How to do post processing??

Started by
5 comments, last by FeverGames 15 years, 4 months ago
Can someone please tell me how to do post processing effects in DirectX using shaders?? ive been trying for days to use a simple blur shader found here: http://www.gamedev.net/community/forums/topic.asp?topic_id=427696 how do i use it to blur a preloaded texture (say a wallpaper)?? should i render the scene with a full screen quad and set the texture "ForegroundTexture" to the texture which i have already loaded?? is this the only way to do this?? I have tried this and all i get is a white screen!! i dont know what to do!! also in the link it says VertexShader=NULL; does that mean that there is no vertex shader at all in the pipeline or does it mean that the FFP vertex shader is used?? is it possible to use a pixel shader directly on a texture without rendering any geometry on the screen??? im extremely confused about everything ... Please explain step by step.. with an example code if possible..(not just the fx file i mean even the c++ code so that it would be clear as to how to implement it)!! thanks!
Advertisement
There are a few steps:

- Render your scene to a texture (and not to the screen! - keyword: SetRenderTarget)
- Blur that texture using a pixelshader, the vertexshader will only have the ability to move and change the vertices, you want to work with pixels (shader tutorials by wolfgang engel might be good)
- Render the result to the screen

You could look at rendermonkey as the workspace gives you a pretty good idea how the whole system works.
thanks for the reply !! however i think i didnt state my problem clearly... im wondering how to stream a set of pixels (like from a render target texture) through a pixel shader without calling a vertex shader... what are the functions needed to do this...??
do a search on transformed positions and pixel shaders, or try finding out how the spritebatch works... That does exacly what you want. A full screen quad render class.
You still need something which processes the vertices first (atleast afaik), you will have 4 vertices: one in the top left corner-, top right corner-, bottom left corner-, bottom right corner of your screen.
Those wouldn't have to be transformed (because you already have them in screen-space) or anything by the vertexshader so you could just forward them, you should have the same result if you use D3DFVF_XYZRHW in the fixed function pipeline.
Each of the rendered pixels would be processed by the pixelshader. You will have 2 triangles (using the vertices I mentioned above) which will cover the whole screen, so each pixel of the screen would be processed (and you could blur them for example)
thanks a lot!! this is what ive been doing so far... so i guess i must be making mistakes somewhere else.. but just one more thing.. supposing i wanted to do 3 or 4 consecutive full screen postprocess effects on a scene.. then how should i proceed??
something like this??:

1) render the base frame to texture1
2) send texture1 to the vertex shader via the quad
3) execute next pass
4) send output to texture2
5) send texture2 to the vertex shader via the quad
6) execute next pass
7) send output to texture3 etc...


until the final output is to the backbuffer????
is this how its supposed to be done?? or is there a better way??
Quote:Original post by rohith291991
thanks a lot!! this is what ive been doing so far... so i guess i must be making mistakes somewhere else.. but just one more thing.. supposing i wanted to do 3 or 4 consecutive full screen postprocess effects on a scene.. then how should i proceed??
something like this??:

1) render the base frame to texture1
2) send texture1 to the vertex shader via the quad
3) execute next pass
4) send output to texture2
5) send texture2 to the vertex shader via the quad
6) execute next pass
7) send output to texture3 etc...


until the final output is to the backbuffer????
is this how its supposed to be done?? or is there a better way??

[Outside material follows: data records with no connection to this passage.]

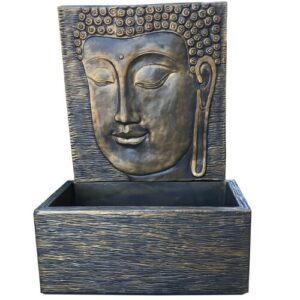 Fonte Cara de Buda em cimento para exterior, ideal para jardins e espaços zen. Disponível em vários acabamentos. Motor vendido em separado.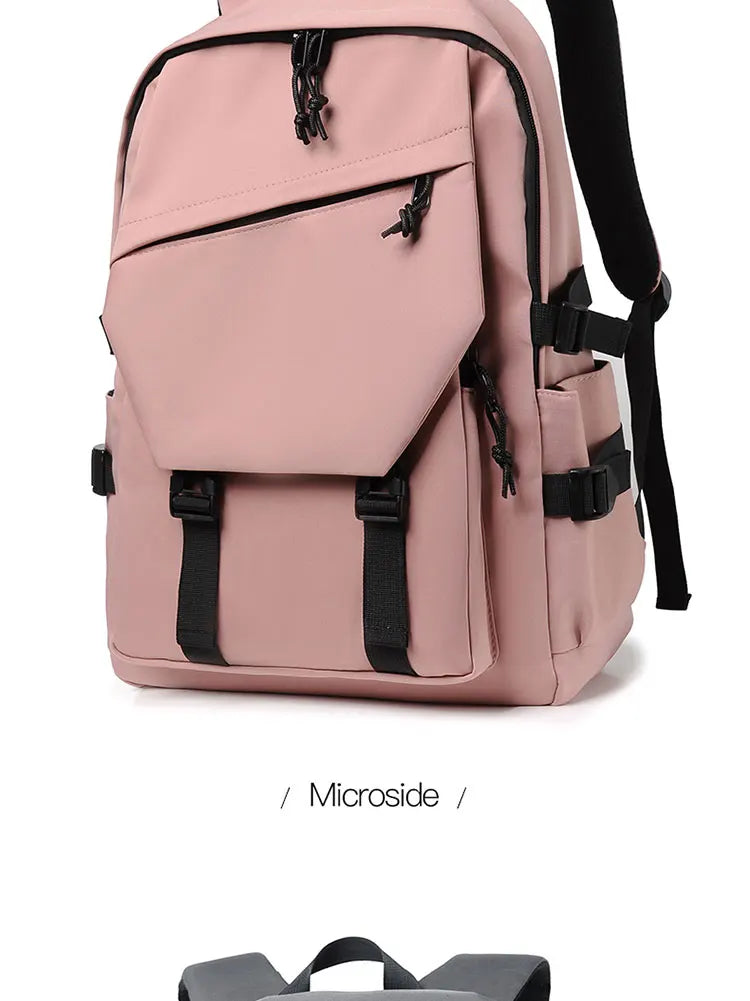 15 Inch Polyester Waterproof Men’s Backpack – Simple, Fashionable Student & Couple Computer Bag
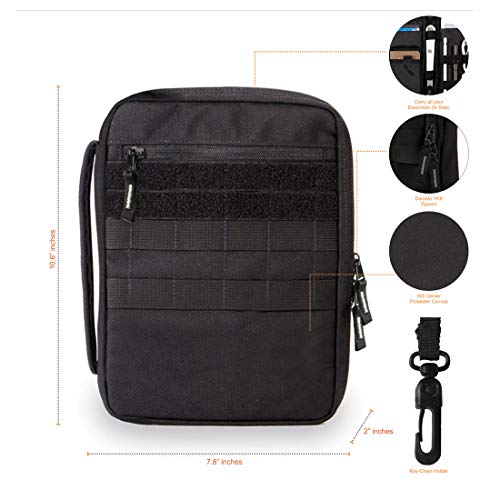 Image of Polyester Canvas Unisex 10.5 inch IPad Pro EDC Note Case With Molle-Web Multiple Compartments Black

First of all you send it to the pixel shader, not the vertex shader. The rest looks like a good way to do it. It's like a chain. You sort of take the backbuffer, render X times a fullscreen quad, apply an effect each time, and end up at the start again, rendering it to the backbuffer.

There are a lot of great tutorials about this subject, a lot of em in xna. They are easily translated to dx if you understand enough of the api's.

http://www.ziggyware.com/readarticle.php?article_id=121
http://www.ziggyware.com/news.php?readmore=750

and these are just two out of the hundreds...

This topic is closed to new replies.